O que sabemos até aqui é que as malas sempre tiveram o mesmo sentido e foram utilizadas para os mesmos fins: carregar objetos. E se formos parar para pensar, pode ser que uma pessoa não tenha tantos objetos ou pertences, mas, mesmo assim, possui uma mala e a carrega para onde for, porque de uma forma ou de outra, ali está seu mundo.

Talvez tenha sido esta a ideia de Jon Crispin ao elaborar seu projeto, conhecido principalmente pela sua paixão por temas diferentes, dentre eles a curiosidade por manicômios abandonados. Talvez tenha sido daí que surgiu a curiosidade de se olhar para malas abandonadas e esquecidas procurando entrar no mundo de quem as perdeu.
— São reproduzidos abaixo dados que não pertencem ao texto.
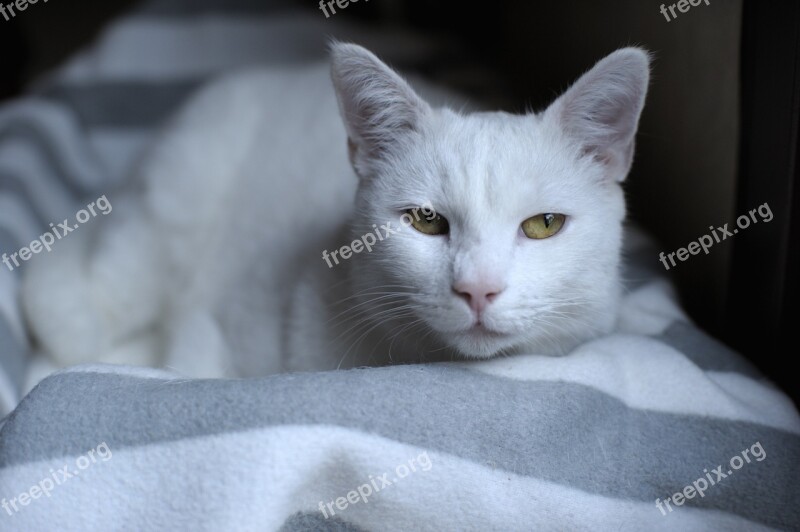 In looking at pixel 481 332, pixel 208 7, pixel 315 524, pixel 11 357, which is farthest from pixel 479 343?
pixel 208 7

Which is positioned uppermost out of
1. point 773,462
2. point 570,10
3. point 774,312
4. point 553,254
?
point 570,10

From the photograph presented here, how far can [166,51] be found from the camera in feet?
7.82

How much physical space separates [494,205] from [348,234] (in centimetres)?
41

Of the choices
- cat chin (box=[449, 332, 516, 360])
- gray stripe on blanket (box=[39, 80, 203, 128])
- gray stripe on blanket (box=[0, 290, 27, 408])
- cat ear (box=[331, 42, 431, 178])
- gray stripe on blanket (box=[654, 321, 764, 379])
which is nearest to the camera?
cat chin (box=[449, 332, 516, 360])

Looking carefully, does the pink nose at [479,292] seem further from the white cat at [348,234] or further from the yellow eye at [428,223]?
the yellow eye at [428,223]

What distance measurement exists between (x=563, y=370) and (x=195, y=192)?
1.12 metres

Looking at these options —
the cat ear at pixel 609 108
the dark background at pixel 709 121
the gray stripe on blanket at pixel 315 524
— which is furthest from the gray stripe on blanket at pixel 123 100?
the gray stripe on blanket at pixel 315 524

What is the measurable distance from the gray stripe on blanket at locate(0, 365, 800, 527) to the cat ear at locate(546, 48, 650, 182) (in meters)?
0.43

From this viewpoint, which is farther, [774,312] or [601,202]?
[774,312]

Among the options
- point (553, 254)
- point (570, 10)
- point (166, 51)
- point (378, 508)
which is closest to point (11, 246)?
point (166, 51)

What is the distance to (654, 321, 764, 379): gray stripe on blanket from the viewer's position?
1378mm

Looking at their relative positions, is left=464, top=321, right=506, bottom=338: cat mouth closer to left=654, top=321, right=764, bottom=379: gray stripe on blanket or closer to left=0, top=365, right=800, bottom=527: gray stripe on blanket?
left=0, top=365, right=800, bottom=527: gray stripe on blanket

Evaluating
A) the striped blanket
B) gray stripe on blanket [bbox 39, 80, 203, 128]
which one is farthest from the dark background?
gray stripe on blanket [bbox 39, 80, 203, 128]

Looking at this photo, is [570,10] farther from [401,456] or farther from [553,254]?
[401,456] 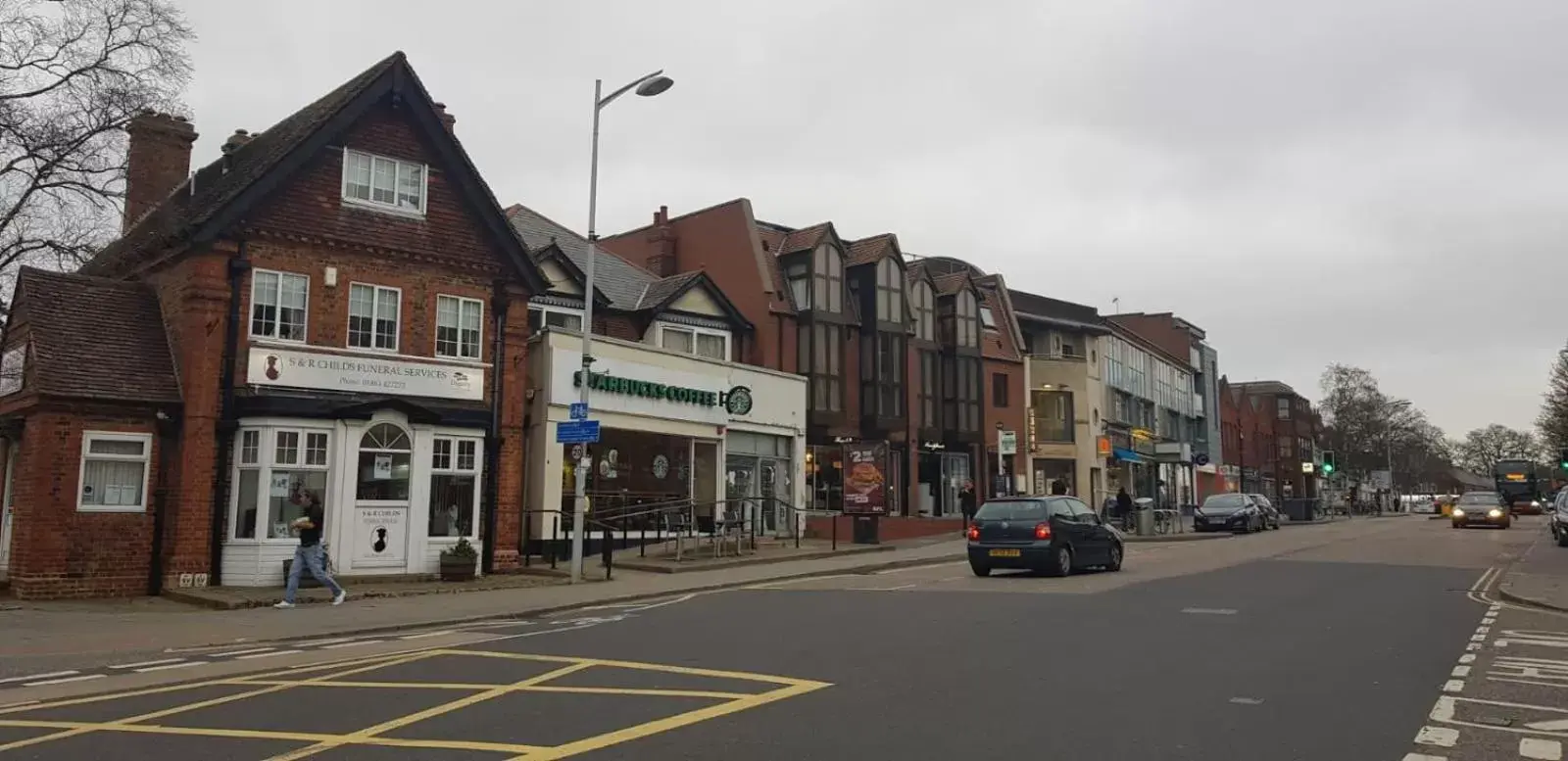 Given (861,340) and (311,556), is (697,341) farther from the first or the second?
→ (311,556)

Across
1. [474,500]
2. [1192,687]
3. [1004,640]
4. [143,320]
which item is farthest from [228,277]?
[1192,687]

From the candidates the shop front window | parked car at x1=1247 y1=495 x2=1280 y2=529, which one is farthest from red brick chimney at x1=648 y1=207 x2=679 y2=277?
→ parked car at x1=1247 y1=495 x2=1280 y2=529

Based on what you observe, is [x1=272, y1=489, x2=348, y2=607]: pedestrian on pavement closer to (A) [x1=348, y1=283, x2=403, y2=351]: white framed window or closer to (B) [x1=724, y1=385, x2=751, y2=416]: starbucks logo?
(A) [x1=348, y1=283, x2=403, y2=351]: white framed window

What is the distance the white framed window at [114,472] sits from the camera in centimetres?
1814

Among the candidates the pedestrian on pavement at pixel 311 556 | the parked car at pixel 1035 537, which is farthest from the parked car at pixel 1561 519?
the pedestrian on pavement at pixel 311 556

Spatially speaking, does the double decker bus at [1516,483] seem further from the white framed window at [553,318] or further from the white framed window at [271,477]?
the white framed window at [271,477]

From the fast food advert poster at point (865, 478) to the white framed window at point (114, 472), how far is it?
50.8 feet

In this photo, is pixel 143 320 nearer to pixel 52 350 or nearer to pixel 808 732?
pixel 52 350

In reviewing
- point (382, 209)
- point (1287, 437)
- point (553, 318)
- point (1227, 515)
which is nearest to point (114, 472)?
point (382, 209)

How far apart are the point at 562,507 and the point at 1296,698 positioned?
18.6 metres

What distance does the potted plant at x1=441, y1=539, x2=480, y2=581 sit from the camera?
66.7ft

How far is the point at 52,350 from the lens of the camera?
59.4 feet

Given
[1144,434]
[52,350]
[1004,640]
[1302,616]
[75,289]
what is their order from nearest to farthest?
[1004,640] < [1302,616] < [52,350] < [75,289] < [1144,434]

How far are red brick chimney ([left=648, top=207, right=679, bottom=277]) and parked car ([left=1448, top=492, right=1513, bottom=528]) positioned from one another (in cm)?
3286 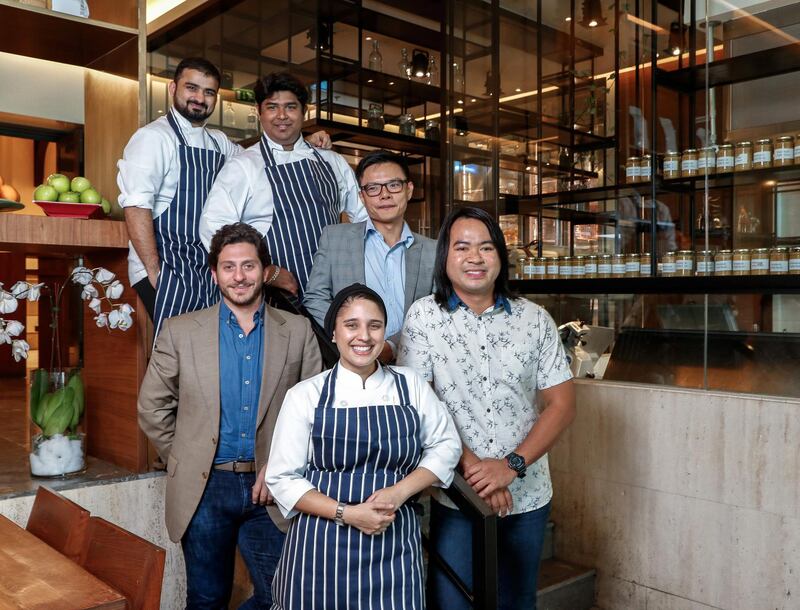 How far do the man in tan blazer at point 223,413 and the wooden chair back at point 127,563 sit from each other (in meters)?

O trabalho de Jon Crispin consistiu em fotografar cerca de 400 malas encontradas no manicômioWillard Asylum For The Chronic Insane (Asilo Para Cronicamente Insanos de Willard), lugar este que funcionava desde 1869, e que fechou suas portas em 1995.

Em 1975 o asilo passa a ser patrimônio histórico dos Estados Unidos. Foram encontradas centenas de malas que pertenciam aos usuários que por lá passaram e que provavelmente lá morreram. Malas carregadas de lembranças e histórias, tornando-se assim objetos do acervo do Museu do Estado de Nova York, para acesso da população.

O Willard Asylum for the Chronic Insane era mais um dos inúmeros locais onde as pessoas eram mantidas excluídas da sociedade. Não precisavam mostrar sintomas de perturbações mentais, bastavam não entrar no grupo de pessoas “normais” segundo as normas da sociedade. Pessoas deprimidas, gays, pobres, negros, prostitutas, mendigos, pessoas essas que precisavam ser mantidas longe, possivelmente passaram mais da metade de suas vidas presas e afastadas do mundo.

Não diferente de outros asilos, o Asilo Para Cronicamente Insanos de Willard também utilizava de formas rudimentares para o tratamento de seus internos. O asilo fechou na época em que tais formas de tratamento foram consideradas desumanas e cruéis.

Segundo alguns estudos, foi através da reforma psiquiátrica que tornou possível o início da luta pela extinção de locais como o Asilo Para Cronicamente Insano de Willard. A luta antimanicomial consiste principalmente em lutar pelos direitos da dignidade aos pacientes psiquiátricos, “luta essa com um olhar para o ser humano como sujeito de todas as ações, tendo como princípios a desinstitucionalização do manicômio” (LEAL, s/p, 2012). A reforma psiquiátrica visa modificar o sistema de tratamento clínico da doença mental, eliminando como forma de tratamento a internação e exclusão do paciente da sociedade.

O trabalho do fotógrafo Jon Crispin nos proporciona uma viagem pelo passado desses pacientes que tiveram suas vidas eliminadas de uma sociedade munida de pré-conceitos. Cada mala registra a simplicidade, os sonhos e os desejos de cada um dos internos que foram mantidos guardados, na esperança de que um dia eles pudessem finalmente voltar para suas casas, para uma vida normal. As fotografias representam um tipo de resgate à lembrança dessas pessoas que por lá foram esquecidas.

São imagens como essas, de uma realidade mantida por anos escondida, que nos fazem refletir sobre a nossa maneira de encarar a loucura, a nossa mania de deixar que nossos pré-conceitos dominem toda uma história. Lugares como esse asilo ainda existem por aí, cabe a nós lutarmos para que eles sejam excluídos de nossa história e que sejam lembrados apenas como um erro que não deveria ter existido, muito menos se repetir.